So there you have it. Jamie Oliver is the Christmas number one. An incredible achievement. Albeit a little cliché given he's done it twice before. But now he's done it for a third time - one better than Ms Delia Smith and one better then whoever it that "writes" ("compiles" perhaps?) Guinness World Records.

Last week, then, his Jamie's 30-minute Meals sold 149,000-odd copies, bringing it's life sales to 1.1m, which makes it officially the bestselling hardback non-fiction book since records began. And it ain't even been on sale for three months yet :O

However, a word on the ol' "since records began" bit. Records began only as recently as 1998 and, well, a lot of hardback books were published before 1998. Like The Bible, for one, which no doubt has sold more copies in the UK than Jamie's 30-minute Meals since copies started rolling off that Caxton fellow's printing press in the late 15th century. And someone else with Godly traits, Delia Smith, whose Winter Collection (first published in 1995) has sold 2m copies and counting (according to Ebury, her publishers). Still, technicalities aside, Jamie's 30-minute Meals' 1.1m life sales clocked up in under three months is an impressive achievement - a record breaking one, regardless.

The Surprise Christmas Hit of the Year, the meerkat's A Simples Life was the next most popular purchase at UK booksellers last week, which presumables means a lot of peoples will be getting copies of famous meerkat book in Christmas stocking. And presumables a lot of peoples will be return precious meerkat memoir to bookshops all down and up the Uniteds Kingdom after Christmas time for exchanging with proper book instead. Just take book to man behind till, ask to exchanged for Marcel Proust, get Proust book. Simples!

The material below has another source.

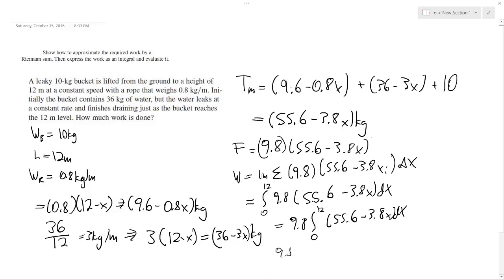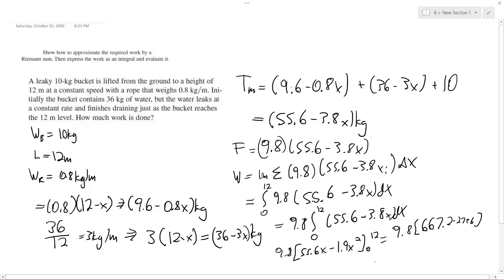Evaluating the integral, we get 9.8 times [55.6X minus 1.9X²] from 0 to 12, which equals 9.8 times (666.67 minus 273.6). Simplifying this down, the final answer is approximately 3,887 Joules.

Which got me thinking, what is the most returned book in the UK? And I'm not counting libraries, here, I mean returned to bookshops in exchange for something else. Perhaps something like Franzen's Freedom, or Frey's A Million Little Pieces or How Opal Mehta... for reasons that the texts contained printing errors/was full of sh*t/was full of plagiarism. Or perhaps it isa massive-selling Chrimbo book like a Guinness World Records or a Peter Kay? Or Perhaps it is an A-Z of London bought by peeps who only need to use it once.

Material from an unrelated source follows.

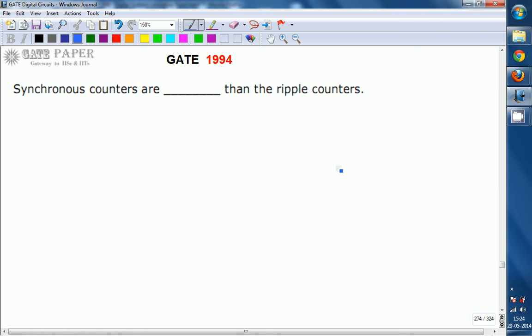We are discussing the GATE 1994 ECE paper, and this question is related to digital circuits. Synchronous counters are faster than ripple counters. Synchronous counters have less propagation delay compared to ripple counters. This can be proved by looking at the constructional details of synchronous counters as well as ripple counters. The other name for ripple counters is asynchronous counters.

Or perhaps it is Lilian Harry's PS, I Love You - returned by folk who were looking for Cecelia Ahern's book of the same name? Or perhaps it is The Da Vinci Code as lots of peeps have already read it about five years ago so please, please stop giving me copies for Christmas or my birthday or maybe I haven't read it at all and I'll buy a copy to see what all the fuss is about and when I get back home I discover oh I already had a copy of The Da Vinci Code on the shelf after all and I must have read it already and oh yeah I do remember reading it as it was the story of that Tom Hanks chap running around cathedrals and symbols and whatnot and something to do with Mary.